CEUTA, España.- El Gobierno de España anunció la instalación de una barrera de contención de 500 metros en el mar entre el enclave de Ceuta y Marruecos, luego de la masiva entrada de entre 50 mil y 60 mil migrantes registrada esta semana.
Las autoridades españolas informaron que el saldo de la emergencia aumentó a 67 personas fallecidas. Algunas víctimas murieron ahogadas mientras intentaban llegar a territorio español y otras perdieron la vida durante una estampida registrada en un espigón fronterizo.

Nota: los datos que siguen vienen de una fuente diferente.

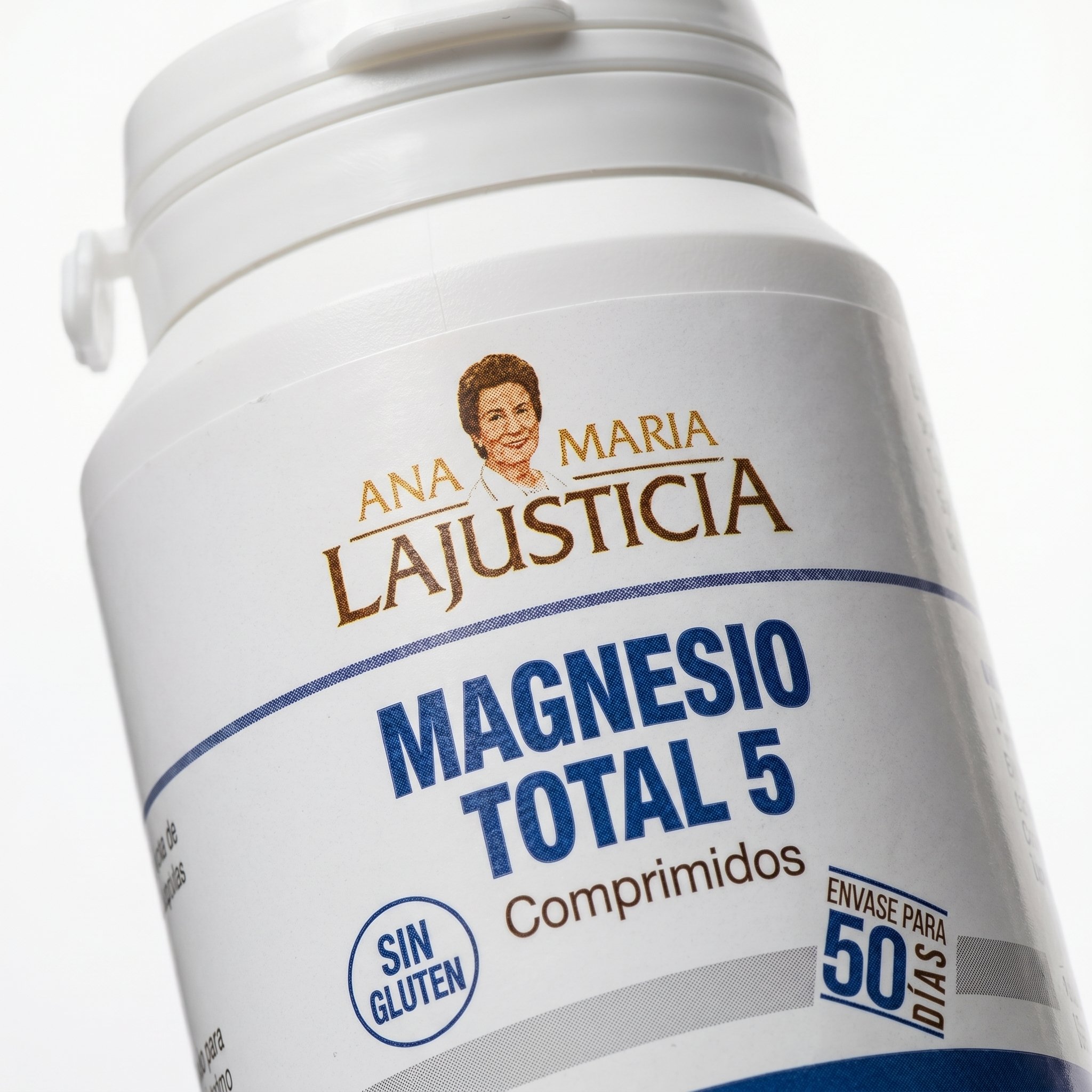 Magnesio Total Ana María Lajusticia - vista 4
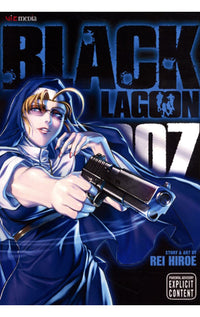 Black Lagoon vol 07 GN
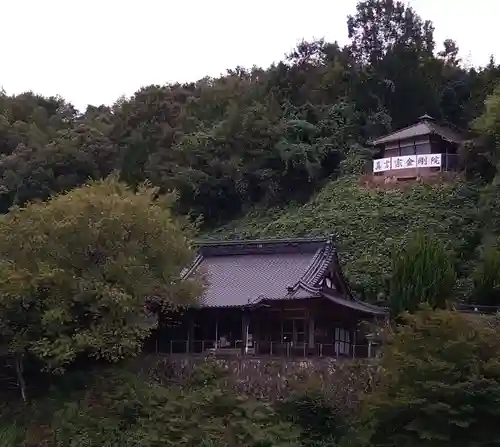 石内のお大師さん　金剛院の建物その他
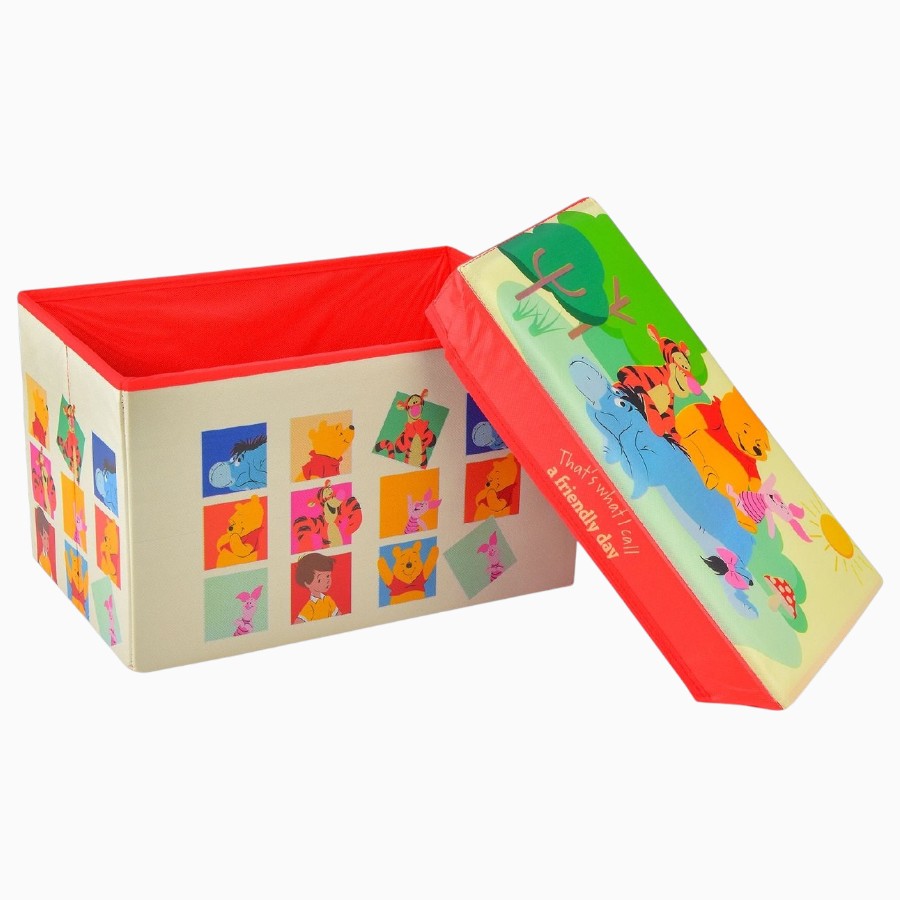 Кошик для іграшок Країна іграшок 40*25 см Winnie the Pooh D-3521 фото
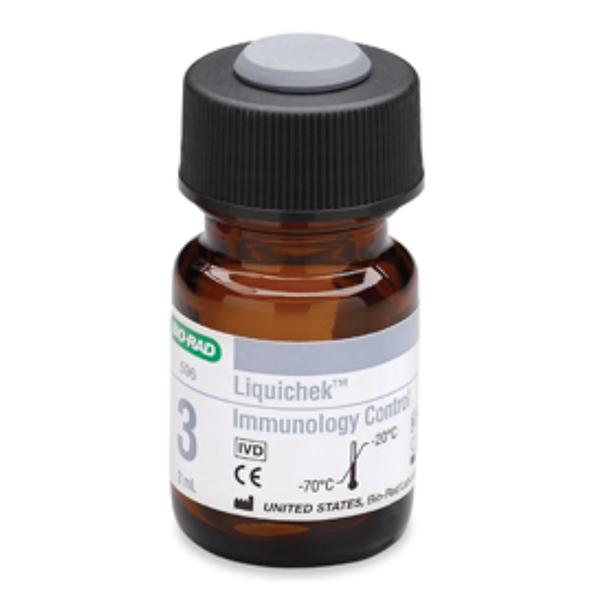 Liquichek Immunology Multi-Analyte Level 3 Control 6x3mL For Analyzer 6/Bx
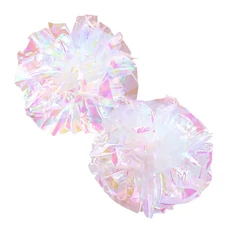 響紙發聲貓玩具 - 閃亮炫彩 激發貓咪玩耍興趣 安全無毒材質, 單入, 1個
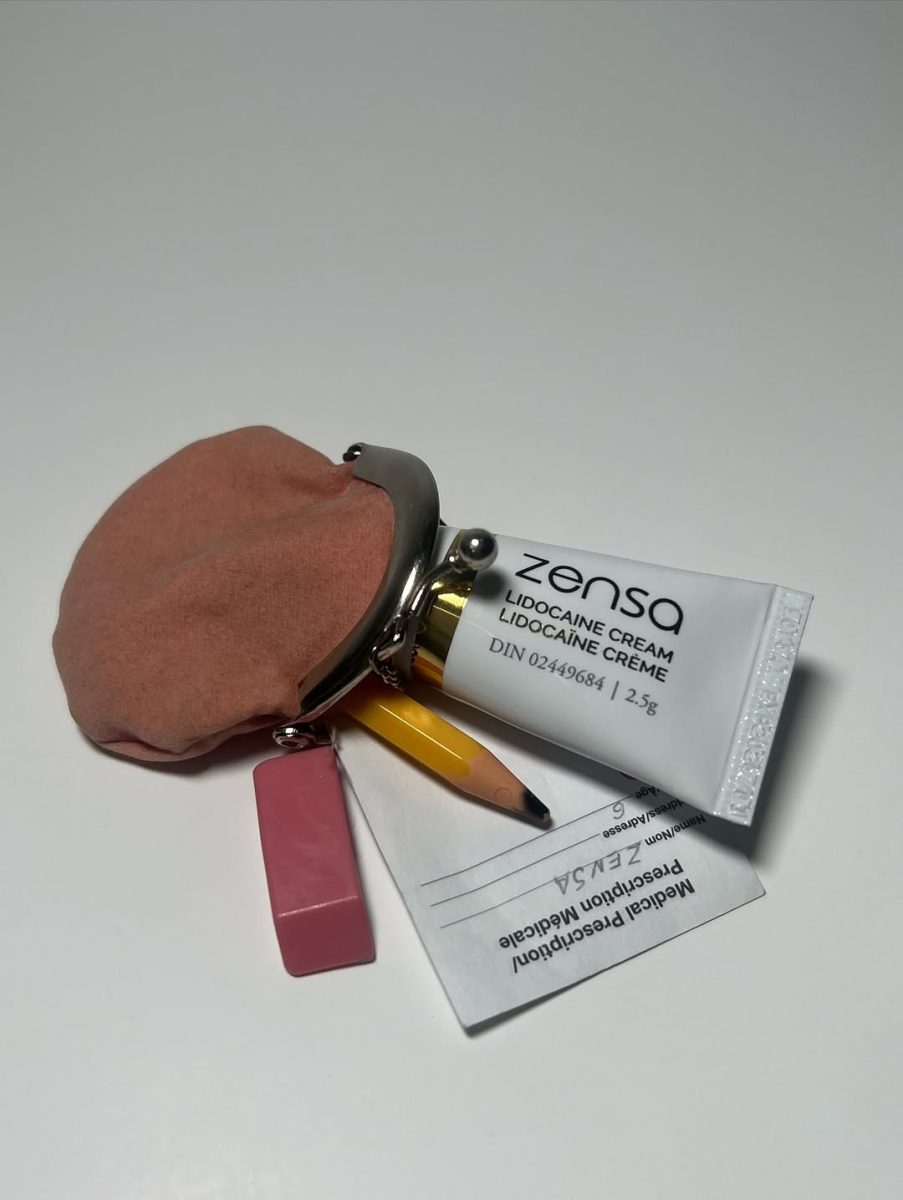 ZENSA NUMBING CREAM - 2.5G Formulated for painful procedures like waxing, microblading, injections, and more.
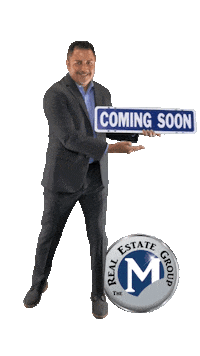 Happy Realestate Sticker by The M Real Estate Group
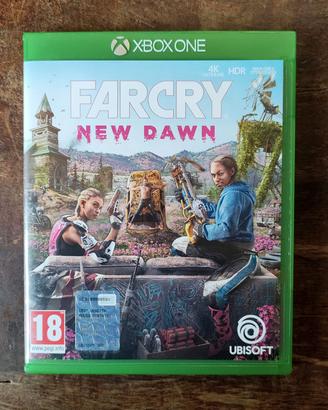 Videogioco FAR CRY NEW DAWN XBOX ONE PAL ITA 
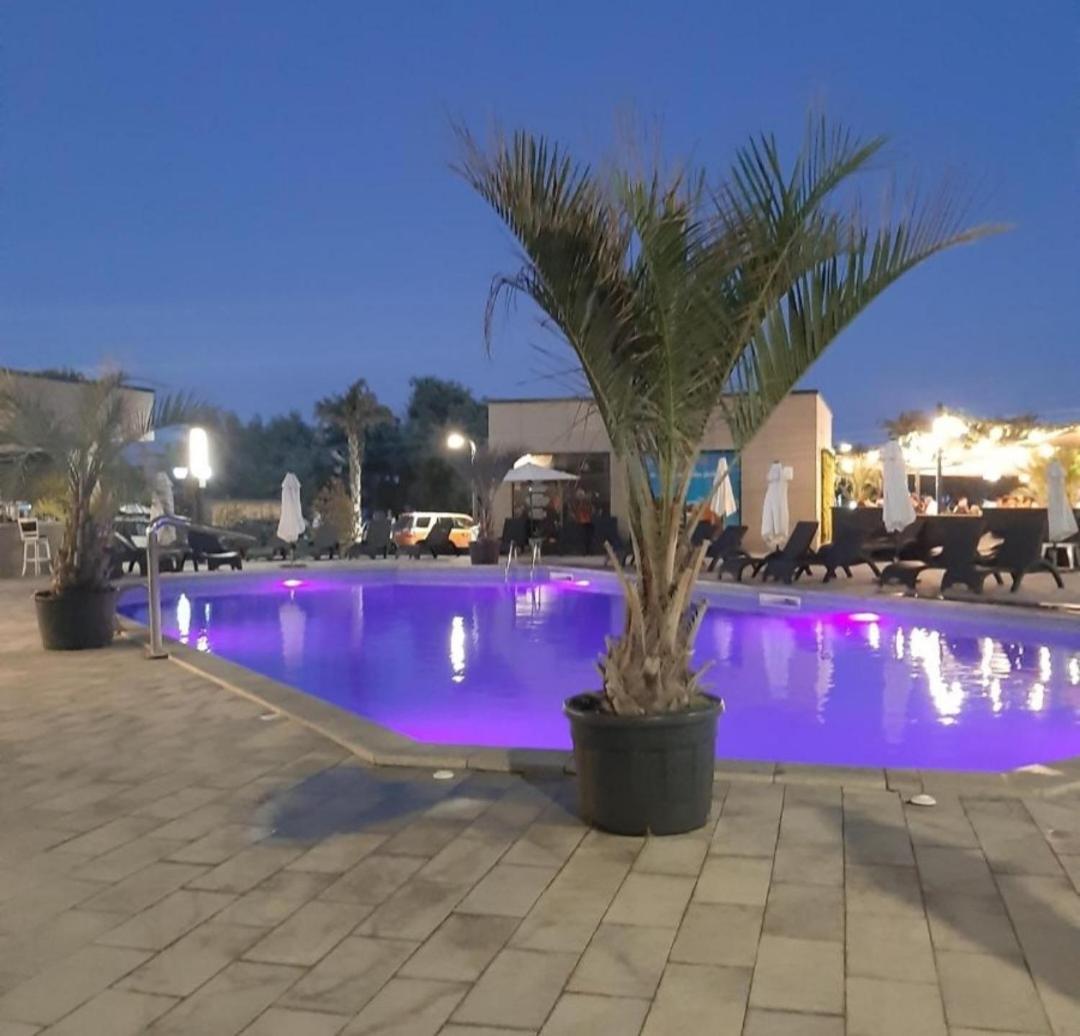 Antonia Alezzi Beach Resort Неводарі Екстер'єр фото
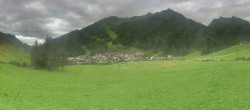 Archiv Foto Webcam Pfelders im Passeiertal 06:00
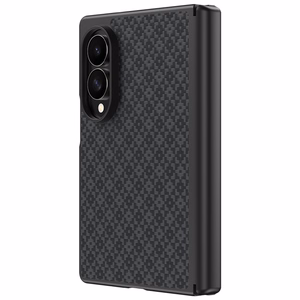 Benks Magnetic Armor Grid Pro Grand Combo maciņš Samsung Galaxy Z Fold 8, melns (C.K.FL.SA.BK.C060)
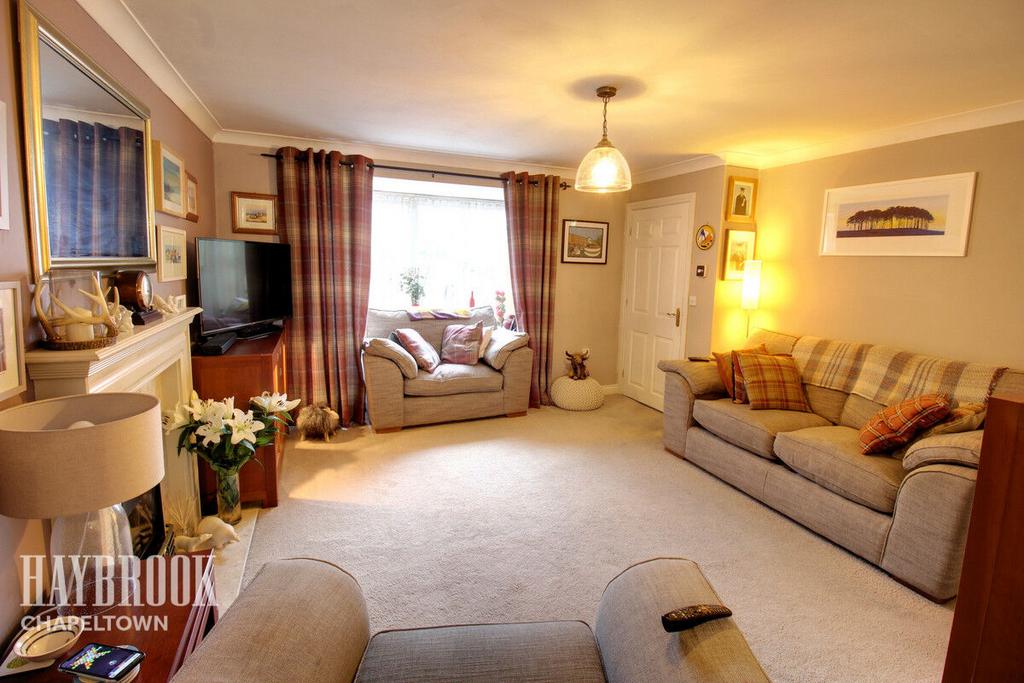 Ironstone Crescent, Chapeltown 4 bed detached house for sale £360,000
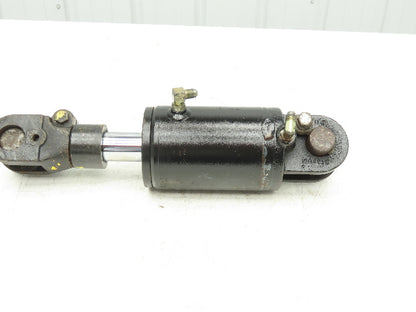 Yale 1504880 Forklift Hydraulic Tilt Cylinder Removed From ERC120HDN36SV084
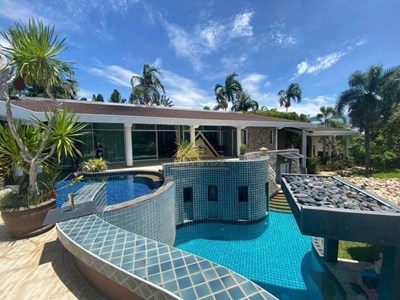 House in Mabprachan for Sale - House - Pattaya East - 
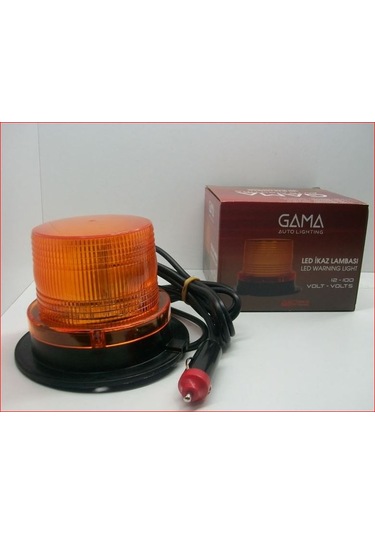 Gama Tepe Lamba 110v Kısa Tip Mıknatıslı Çakmaklı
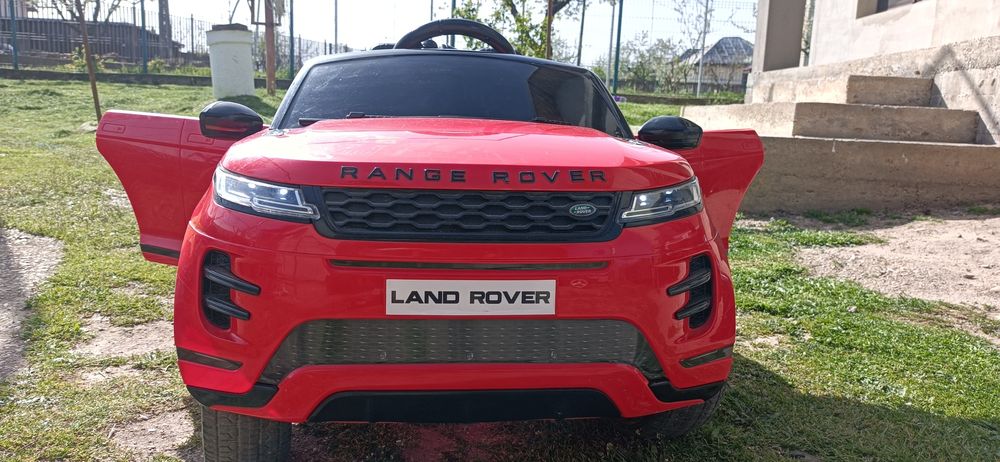 Mașina copii Range rover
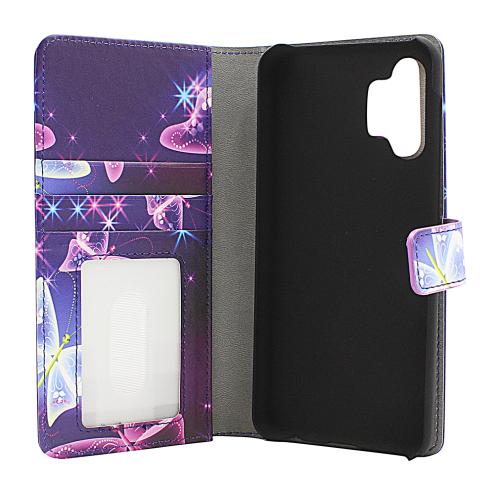 CoverinSkimblocker Magnet Designwallet Samsung Galaxy A13 (A135F/DS)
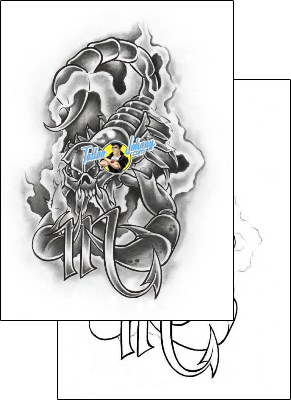 Skull Tattoo horror-skull-tattoos-diaconu-alexandru-axf-01049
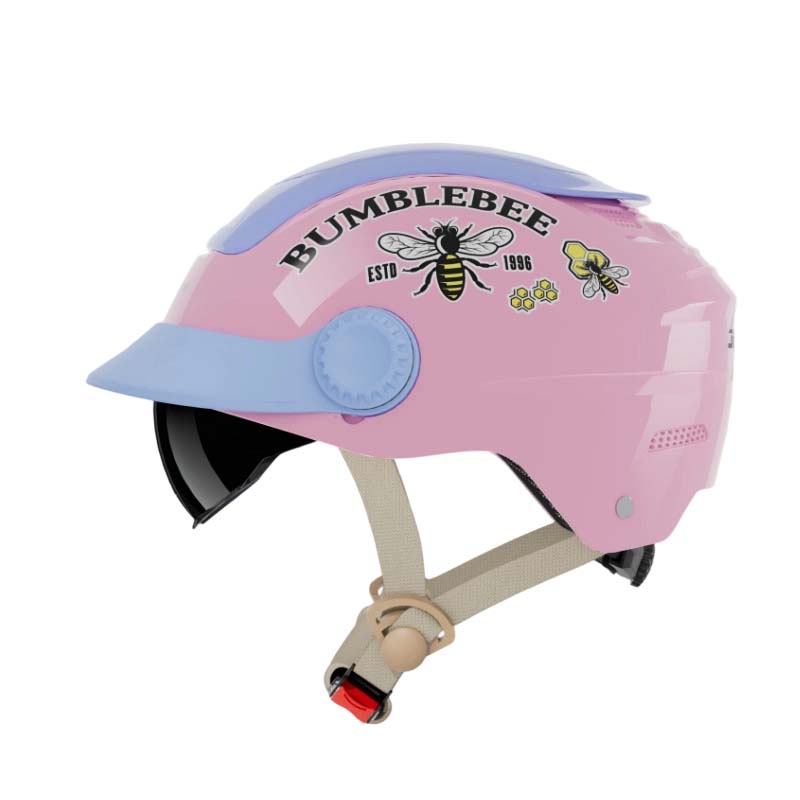 All-Season E-Bike Safety Helmet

Durante la mañana del sábado, varios migrantes que lograron llegar a nado hasta la playa del Tarajal fueron interceptados por elementos del Ejército español, quienes los acompañaron de regreso a la frontera. El Ministerio del Interior aseguró que la mayoría de quienes ingresaron a Ceuta ya retornaron a Marruecos.
El ministro del Interior, Fernando Grande-Marlaska, afirmó que el gobierno actuará con firmeza frente a quienes incumplan la ley y señaló que los hechos serán evaluados de manera conjunta con las autoridades marroquíes.
Asimismo, rechazó que Marruecos represente una amenaza para España y destacó que la cooperación entre ambos países permitió controlar la situación en un plazo de 24 horas.
Aunque el flujo migratorio disminuyó, las autoridades de Ceuta reconocieron que la ciudad aún no recupera por completo la normalidad. El presidente de la ciudad autónoma, Juan Jesús Vivas, indicó que el proceso de retorno de migrantes continúa y que la seguridad sigue afectada tras los acontecimientos.
Mientras tanto, en la ciudad marroquí de Tánger y en la carretera hacia Fnideq, cientos de personas permanecían intentando regresar a sus hogares o buscando una nueva oportunidad para cruzar la frontera. Además, las autoridades marroquíes desplegaron operativos de vigilancia y reforzaron los controles en los accesos hacia Ceuta para contener nuevos intentos de ingreso.